Friday, July 22, 2011

The dance tonight was in the back room of DancEncounters, so I walked through the empty front room to get there. Somehow, seeing all those empty chairs made me feel empty inside. I guess with DE moving, I just wonder if it will be my last time there. I have lots of good memories there. I feel at home there. I'm a totally different person from the first time I was there. It's cool to remember that. I guess I'm not good with change, in general. And I just wonder if maybe things could have turned out differently. Maybe, it just wasn't meant to be this way. Change is just difficult.

Thursday, July 21, 2011

Why I Hate Gossip

I was on the phone earlier with a friend, who we will call Jamie (I'm picking gender neutral names!). Jaime was talking about the last few weeks, and mentioned another friend, who we will call Casey. Jaime was telling me about when he/she had hung out with Casey recently. Apparently, Casey told Jaime that another friend, who we will call Taylor, was spending that day at my house. Jaime asked me how that went. Funny, because I was actually out that day, not sitting at home with Taylor.

So, what the heck?!

On the plus side, this gossip is not harmful to me at all, but it's still unnecessary.
Best case scenario: Casey and Taylor are talking, and Taylor says, "Hey, I'm thinking of seeing if Kristin wants to hang out today". Taylor has every right to say that. But then why does Casey think it's alright to repeat? Why does Casey even think it's worth repeating? Who cares? I mean, seriously, is it really that interesting?

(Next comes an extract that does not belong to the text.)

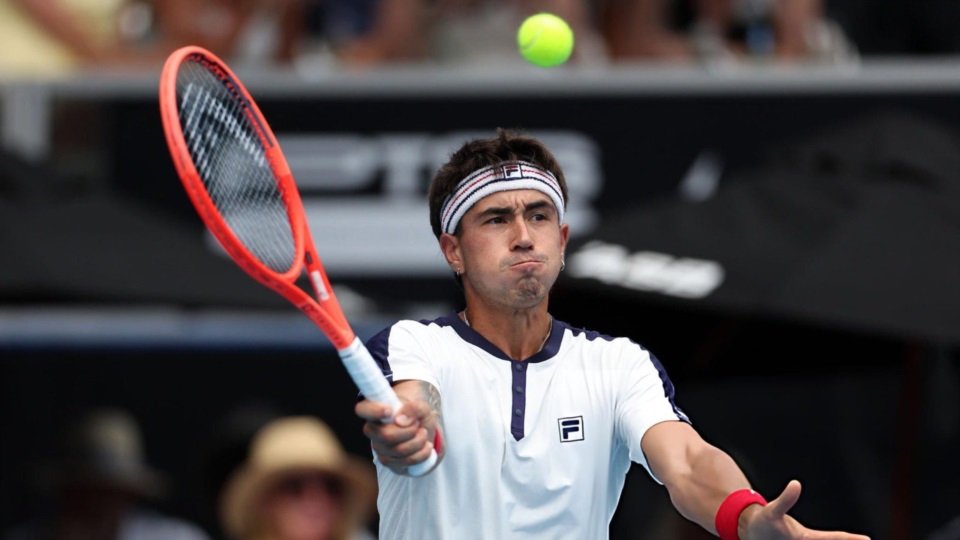 En la segunda ronda, Comesaña se cruzará con el estadounidense Frances Tiafoe.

Obviously, I have no idea if that is exactly what happened. I suppose I could get angry and confront a number of people and ask them about it, but it's not worth it. My problem with all this is that I would like to be in control of how much information about my life is public and how much is private. I have good reasons for this. This time the blowup was harmless, but what if it isn't harmless next time? In fact, just a few weeks ago I ended up lying to a good friend, because I knew the truth would be gossiped about and the lie wouldn't. The situation still blew up, because gossipers are always gossipers. That wasn't even the first time gossipers made a mess of something they shouldn't have been involved with in the first place. And I'm just sick of it. My life is not a tabloid.

And beyond that: Note that I referred to all three people as "friends". I'd hope a real friend could be a confidant. At least, I have that expectation of friendship. So clearly, these people are not quite the friends I thought they were.

Tuesday, July 5, 2011

Day Something Else

There's only a 2% chance that I actually have celiac disease.

Today sucked. I was expecting that, though.